En avril 2013, Human Rights Watch a publié un rapport dans lequel l’organisation analysait le travail de ces trois institutions nationales de justice, se concentrant particulièrement sur la Cellule spéciale d’enquête, chargée de mener des enquêtes judiciaires. Le rapport présentait des recommandations en vue d’améliorer les mesures prises par le gouvernement pour soutenir les procureurs et les juges civils qui enquêtent sur ces crimes et poursuivent leurs responsables. Parmi les mesures importantes recommandées, figuraient la mise au point d’une stratégie en matière de poursuites; la protection des juges, des procureurs, des avocats de la défense, ainsi que des témoins; la réforme du code de procédure pénale afin de mieux protéger les droits des accusés; l’amélioration de l’indépendance des procureurs et des juges; et le recrutement d’agents de police judiciaire provenant de toutes les communautés affectées.
Le 3 mai, Human Rights Watch a reçu par fax la « réaction officielle » du gouvernement à son rapport, de la part du ministre de la Justice, Gnénéma Coulibaly. Dans cette réponse, M. Coulibaly a déclaré que le gouvernement ivoirien partageait une « convergence de vues » avec Human Rights Watch concernant plusieurs recommandations contenues dans le rapport, et s’efforçait de les mettre en œuvre.
Toutefois, dans une lettre adressée le 17 mai au ministre de la Justice, Human Rights Watch a exprimé sa préoccupation au sujet de plusieurs déclarations contenues dans la réponse du gouvernement, qui constituent une présentation erronée de la situation actuelle concernant les investigations et les poursuites judiciaires. Le ministre de la Justice a suggéré que les 150 personnes appartenant au camp Gbabgo qui ont été inculpées n’étaient accusées que de crimes économiques. Or beaucoup d’entre elles ont été inculpées de crimes de sang.
L’expert indépendant du Conseil des droits de l’homme de l’ONU sur la situation des droits humains en Côte d’Ivoire a noté, dans son rapport de janvier, que les procureurs ivoiriens avaient inculpé au moins 55 personnes appartenant au camp Gbagbo de graves crimes de sang, dont 48 de génocide. D’autres chefs d’accusation retenus comprennent des meurtres et des crimes contre la population civile. Par contraste, l’expert indépendant, tout comme Human Rights Watch, a relevé que les procureurs ivoiriens n’avaient intenté aucune action contre des membres des Forces pro-Ouattara pour des crimes de sang commis durant la crise postélectorale.

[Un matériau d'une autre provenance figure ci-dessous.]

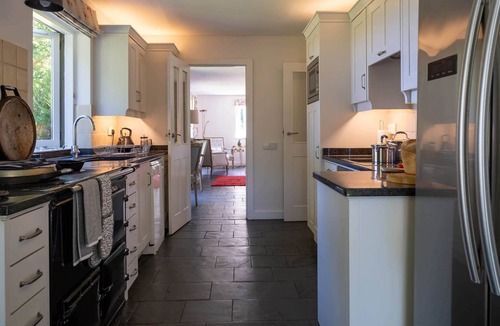 New Forest District Cottage | Perched on the edge of a gentle and wild valley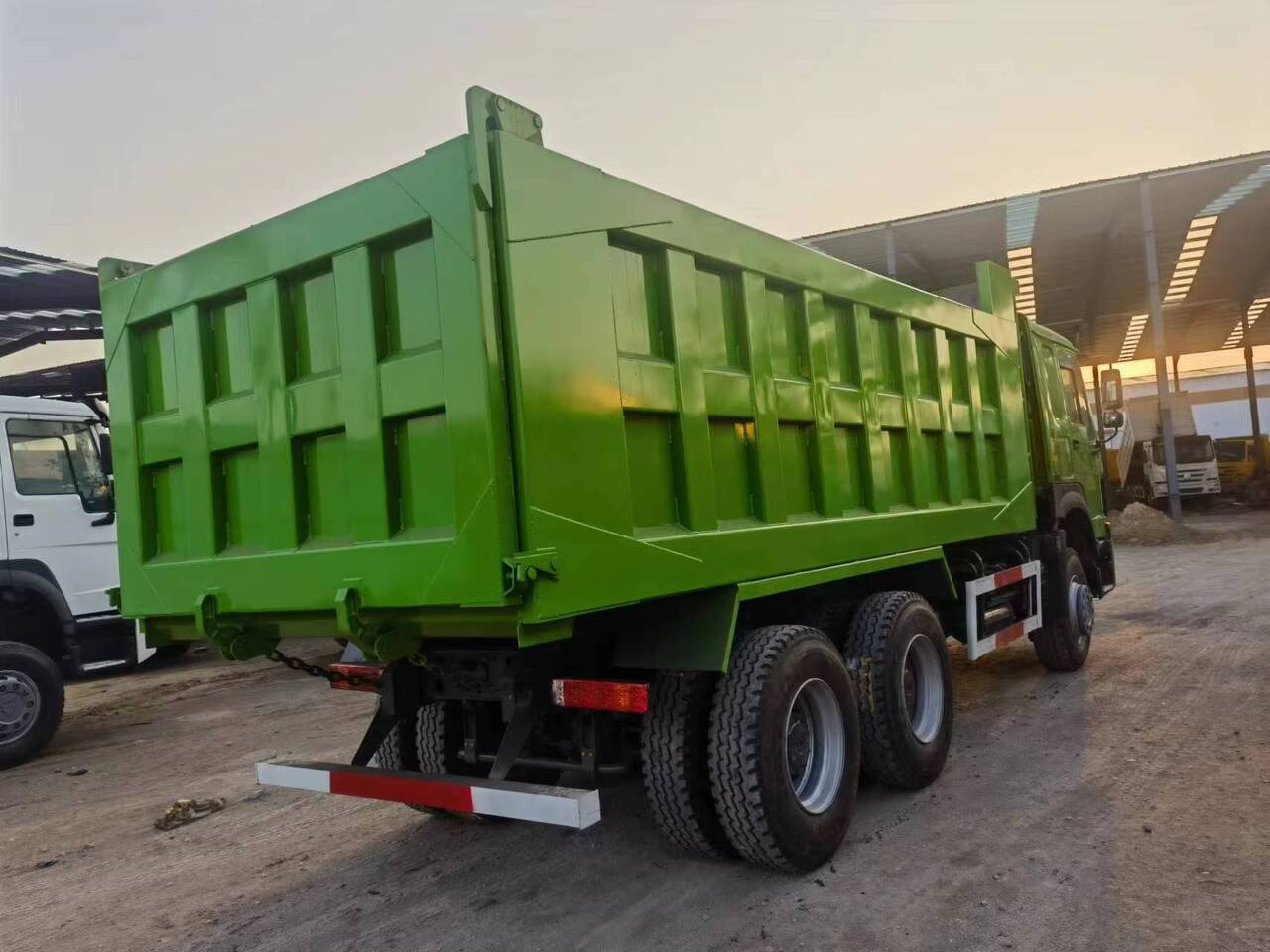 SINOTRUK HOWO 375 - Tipper: picture 5 SINOTRUK HOWO 375 - Tipper: picture 5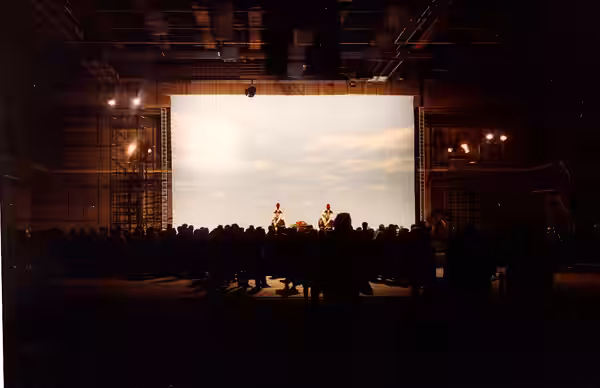 Les jours qui suivirent l'annonce du décès de Fellini, une foule bigarrée vient rendre hommage au cinéaste dans le studio 5 de Cinecittà. De chaque côté du cerc (1993)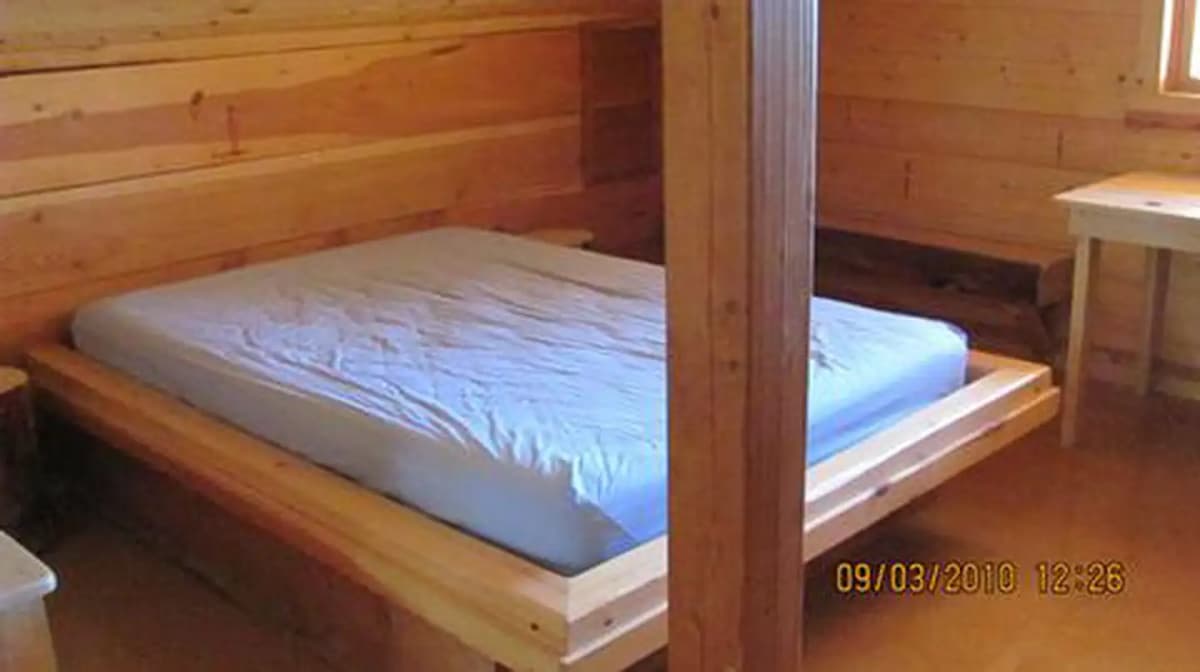 Gordon Reese Cabin — photo 1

Human Rights Watch est parfaitement conscient du fait que les enquêtes et les poursuites judiciaires prennent du temps et, comme l’a souligné le ministre de la Justice, elles sont actuellement en cours. Cependant, alors que les deux camps ont été impliqués dans de crimes internationaux graves durant la crise, seul un camp est actuellement amené à rendre des comptes pour ces crimes, a souligné Human Rights Watch.
En octobre 2011, la CPI a ouvert une enquête sur la Côte d’Ivoire, à la suite de demandes successives du gouvernement ivoirien – d’abord en 2003 par le gouvernement Gbagbo, puis de nouveau en décembre 2010 et en mai 2011 par le gouvernement Ouattara. La Côte d’Ivoire est devenue un État partie au Statut de Rome, le traité fondateur de la CPI, en février.
La CPI a émis publiquement des mandats d’arrêt contre deux personnes seulement, Laurent et Simone Gbagbo, mais le Bureau du Procureur de la Cour a indiqué que ses investigations se poursuivaient et étaient impartiales.